▶ **TASK OBJECTIVE**: The entries are to be duplicated exactly, with nothing left out.

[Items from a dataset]
━━━━━━━━━━━━━━━━━━━━━━━━━━━━━━
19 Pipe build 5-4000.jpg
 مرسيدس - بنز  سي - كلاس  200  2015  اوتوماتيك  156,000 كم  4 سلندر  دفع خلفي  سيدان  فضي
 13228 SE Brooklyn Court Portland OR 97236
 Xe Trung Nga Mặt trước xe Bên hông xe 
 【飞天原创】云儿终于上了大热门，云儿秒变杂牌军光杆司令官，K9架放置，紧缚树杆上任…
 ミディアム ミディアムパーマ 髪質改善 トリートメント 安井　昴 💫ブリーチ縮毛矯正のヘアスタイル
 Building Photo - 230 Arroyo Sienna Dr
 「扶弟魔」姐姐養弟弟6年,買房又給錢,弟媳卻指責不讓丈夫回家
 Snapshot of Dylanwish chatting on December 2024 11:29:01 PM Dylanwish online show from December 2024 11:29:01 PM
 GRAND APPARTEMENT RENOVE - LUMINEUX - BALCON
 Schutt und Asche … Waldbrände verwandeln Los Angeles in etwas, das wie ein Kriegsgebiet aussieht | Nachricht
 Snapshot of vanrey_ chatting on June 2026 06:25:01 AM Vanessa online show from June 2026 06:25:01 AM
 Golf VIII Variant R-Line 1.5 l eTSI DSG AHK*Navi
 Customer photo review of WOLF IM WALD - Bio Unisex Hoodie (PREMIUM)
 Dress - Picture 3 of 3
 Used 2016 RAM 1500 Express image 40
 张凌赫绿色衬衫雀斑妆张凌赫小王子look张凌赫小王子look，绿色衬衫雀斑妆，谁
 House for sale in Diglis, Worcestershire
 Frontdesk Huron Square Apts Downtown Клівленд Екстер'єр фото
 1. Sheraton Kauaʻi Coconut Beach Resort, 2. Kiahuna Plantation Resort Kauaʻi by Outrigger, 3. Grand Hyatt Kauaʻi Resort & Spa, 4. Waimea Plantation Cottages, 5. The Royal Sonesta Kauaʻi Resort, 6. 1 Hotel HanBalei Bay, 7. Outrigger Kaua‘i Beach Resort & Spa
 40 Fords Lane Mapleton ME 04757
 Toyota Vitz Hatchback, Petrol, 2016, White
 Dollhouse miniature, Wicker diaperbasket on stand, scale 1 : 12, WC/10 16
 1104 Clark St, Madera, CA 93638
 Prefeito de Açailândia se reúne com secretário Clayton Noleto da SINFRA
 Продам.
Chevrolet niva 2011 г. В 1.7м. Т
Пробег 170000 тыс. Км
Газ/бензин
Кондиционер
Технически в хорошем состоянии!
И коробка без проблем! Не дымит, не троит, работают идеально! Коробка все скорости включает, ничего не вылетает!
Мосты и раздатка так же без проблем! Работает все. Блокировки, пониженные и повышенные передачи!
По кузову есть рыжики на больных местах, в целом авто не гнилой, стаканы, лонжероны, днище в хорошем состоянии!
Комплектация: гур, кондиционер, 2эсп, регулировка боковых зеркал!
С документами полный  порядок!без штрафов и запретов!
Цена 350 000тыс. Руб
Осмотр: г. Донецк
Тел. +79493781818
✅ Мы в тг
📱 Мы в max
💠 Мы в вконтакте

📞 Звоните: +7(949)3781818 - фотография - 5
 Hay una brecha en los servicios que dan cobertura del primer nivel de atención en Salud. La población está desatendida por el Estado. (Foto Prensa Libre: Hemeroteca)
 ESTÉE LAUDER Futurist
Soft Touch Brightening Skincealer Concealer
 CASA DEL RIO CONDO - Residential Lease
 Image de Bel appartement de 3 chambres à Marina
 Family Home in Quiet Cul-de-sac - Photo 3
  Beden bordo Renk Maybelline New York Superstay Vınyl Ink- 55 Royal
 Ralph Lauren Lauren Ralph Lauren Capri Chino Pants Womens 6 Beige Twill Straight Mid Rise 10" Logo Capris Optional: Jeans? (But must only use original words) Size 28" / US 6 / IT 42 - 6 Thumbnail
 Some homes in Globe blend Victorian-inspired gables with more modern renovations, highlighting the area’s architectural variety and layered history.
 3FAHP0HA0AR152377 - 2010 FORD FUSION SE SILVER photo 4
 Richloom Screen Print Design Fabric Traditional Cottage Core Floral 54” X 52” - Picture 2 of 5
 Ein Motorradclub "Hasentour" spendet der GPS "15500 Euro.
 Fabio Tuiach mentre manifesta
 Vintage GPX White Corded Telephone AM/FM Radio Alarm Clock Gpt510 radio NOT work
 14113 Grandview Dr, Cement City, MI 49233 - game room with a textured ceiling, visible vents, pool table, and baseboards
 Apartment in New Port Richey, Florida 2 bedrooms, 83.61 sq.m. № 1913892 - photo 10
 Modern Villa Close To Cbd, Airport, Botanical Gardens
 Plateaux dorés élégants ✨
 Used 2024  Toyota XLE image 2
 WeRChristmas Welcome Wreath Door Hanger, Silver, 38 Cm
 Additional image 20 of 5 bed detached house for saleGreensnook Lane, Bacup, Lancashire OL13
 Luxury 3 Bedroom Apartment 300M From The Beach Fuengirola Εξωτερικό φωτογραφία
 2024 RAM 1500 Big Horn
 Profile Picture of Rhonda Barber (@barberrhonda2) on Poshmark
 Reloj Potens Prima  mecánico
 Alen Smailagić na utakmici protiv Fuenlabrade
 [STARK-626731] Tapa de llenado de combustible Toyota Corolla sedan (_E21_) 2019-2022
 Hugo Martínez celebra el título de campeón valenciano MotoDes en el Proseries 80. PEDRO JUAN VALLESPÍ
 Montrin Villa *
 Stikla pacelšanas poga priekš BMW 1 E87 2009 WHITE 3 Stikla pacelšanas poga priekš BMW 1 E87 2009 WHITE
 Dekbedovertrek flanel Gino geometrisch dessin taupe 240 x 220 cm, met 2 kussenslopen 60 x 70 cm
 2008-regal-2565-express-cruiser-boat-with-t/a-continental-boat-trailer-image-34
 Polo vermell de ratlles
━━━━━━━━━━━━━━━━━━━━━━━━━━━━━━
▶ **EXERCISE RESPONSE**:
19 Pipe build 5-4000.jpg
 مرسيدس - بنز  سي - كلاس  200  2015  اوتوماتيك  156,000 كم  4 سلندر  دفع خلفي  سيدان  فضي
 13228 SE Brooklyn Court Portland OR 97236
 Xe Trung Nga Mặt trước xe Bên hông xe 
 【飞天原创】云儿终于上了大热门，云儿秒变杂牌军光杆司令官，K9架放置，紧缚树杆上任…
 ミディアム ミディアムパーマ 髪質改善 トリートメント 安井　昴 💫ブリーチ縮毛矯正のヘアスタイル
 Building Photo - 230 Arroyo Sienna Dr
 「扶弟魔」姐姐養弟弟6年,買房又給錢,弟媳卻指責不讓丈夫回家
 Snapshot of Dylanwish chatting on December 2024 11:29:01 PM Dylanwish online show from December 2024 11:29:01 PM
 GRAND APPARTEMENT RENOVE - LUMINEUX - BALCON
 Schutt und Asche … Waldbrände verwandeln Los Angeles in etwas, das wie ein Kriegsgebiet aussieht | Nachricht
 Snapshot of vanrey_ chatting on June 2026 06:25:01 AM Vanessa online show from June 2026 06:25:01 AM
 Golf VIII Variant R-Line 1.5 l eTSI DSG AHK*Navi
 Customer photo review of WOLF IM WALD - Bio Unisex Hoodie (PREMIUM)
 Dress - Picture 3 of 3
 Used 2016 RAM 1500 Express image 40
 张凌赫绿色衬衫雀斑妆张凌赫小王子look张凌赫小王子look，绿色衬衫雀斑妆，谁
 House for sale in Diglis, Worcestershire
 Frontdesk Huron Square Apts Downtown Клівленд Екстер'єр фото
 1. Sheraton Kauaʻi Coconut Beach Resort, 2. Kiahuna Plantation Resort Kauaʻi by Outrigger, 3. Grand Hyatt Kauaʻi Resort & Spa, 4. Waimea Plantation Cottages, 5. The Royal Sonesta Kauaʻi Resort, 6. 1 Hotel HanBalei Bay, 7. Outrigger Kaua‘i Beach Resort & Spa
 40 Fords Lane Mapleton ME 04757
 Toyota Vitz Hatchback, Petrol, 2016, White
 Dollhouse miniature, Wicker diaperbasket on stand, scale 1 : 12, WC/10 16
 1104 Clark St, Madera, CA 93638
 Prefeito de Açailândia se reúne com secretário Clayton Noleto da SINFRA
 Продам.
Chevrolet niva 2011 г. В 1.7м. Т
Пробег 170000 тыс. Км
Газ/бензин
Кондиционер
Технически в хорошем состоянии!
И коробка без проблем! Не дымит, не троит, работают идеально! Коробка все скорости включает, ничего не вылетает!
Мосты и раздатка так же без проблем! Работает все. Блокировки, пониженные и повышенные передачи!
По кузову есть рыжики на больных местах, в целом авто не гнилой, стаканы, лонжероны, днище в хорошем состоянии!
Комплектация: гур, кондиционер, 2эсп, регулировка боковых зеркал!
С документами полный  порядок!без штрафов и запретов!
Цена 350 000тыс. Руб
Осмотр: г. Донецк
Тел. +79493781818
✅ Мы в тг
📱 Мы в max
💠 Мы в вконтакте

📞 Звоните: +7(949)3781818 - фотография - 5
 Hay una brecha en los servicios que dan cobertura del primer nivel de atención en Salud. La población está desatendida por el Estado. (Foto Prensa Libre: Hemeroteca)
 ESTÉE LAUDER Futurist
Soft Touch Brightening Skincealer Concealer
 CASA DEL RIO CONDO - Residential Lease
 Image de Bel appartement de 3 chambres à Marina
 Family Home in Quiet Cul-de-sac - Photo 3
  Beden bordo Renk Maybelline New York Superstay Vınyl Ink- 55 Royal
 Ralph Lauren Lauren Ralph Lauren Capri Chino Pants Womens 6 Beige Twill Straight Mid Rise 10" Logo Capris Optional: Jeans? (But must only use original words) Size 28" / US 6 / IT 42 - 6 Thumbnail
 Some homes in Globe blend Victorian-inspired gables with more modern renovations, highlighting the area’s architectural variety and layered history.
 3FAHP0HA0AR152377 - 2010 FORD FUSION SE SILVER photo 4
 Richloom Screen Print Design Fabric Traditional Cottage Core Floral 54” X 52” - Picture 2 of 5
 Ein Motorradclub "Hasentour" spendet der GPS "15500 Euro.
 Fabio Tuiach mentre manifesta
 Vintage GPX White Corded Telephone AM/FM Radio Alarm Clock Gpt510 radio NOT work
 14113 Grandview Dr, Cement City, MI 49233 - game room with a textured ceiling, visible vents, pool table, and baseboards
 Apartment in New Port Richey, Florida 2 bedrooms, 83.61 sq.m. № 1913892 - photo 10
 Modern Villa Close To Cbd, Airport, Botanical Gardens
 Plateaux dorés élégants ✨
 Used 2024  Toyota XLE image 2
 WeRChristmas Welcome Wreath Door Hanger, Silver, 38 Cm
 Additional image 20 of 5 bed detached house for saleGreensnook Lane, Bacup, Lancashire OL13
 Luxury 3 Bedroom Apartment 300M From The Beach Fuengirola Εξωτερικό φωτογραφία
 2024 RAM 1500 Big Horn
 Profile Picture of Rhonda Barber (@barberrhonda2) on Poshmark
 Reloj Potens Prima  mecánico
 Alen Smailagić na utakmici protiv Fuenlabrade
 [STARK-626731] Tapa de llenado de combustible Toyota Corolla sedan (_E21_) 2019-2022
 Hugo Martínez celebra el título de campeón valenciano MotoDes en el Proseries 80. PEDRO JUAN VALLESPÍ
 Montrin Villa *
 Stikla pacelšanas poga priekš BMW 1 E87 2009 WHITE 3 Stikla pacelšanas poga priekš BMW 1 E87 2009 WHITE
 Dekbedovertrek flanel Gino geometrisch dessin taupe 240 x 220 cm, met 2 kussenslopen 60 x 70 cm
 2008-regal-2565-express-cruiser-boat-with-t/a-continental-boat-trailer-image-34
 Polo vermell de ratlles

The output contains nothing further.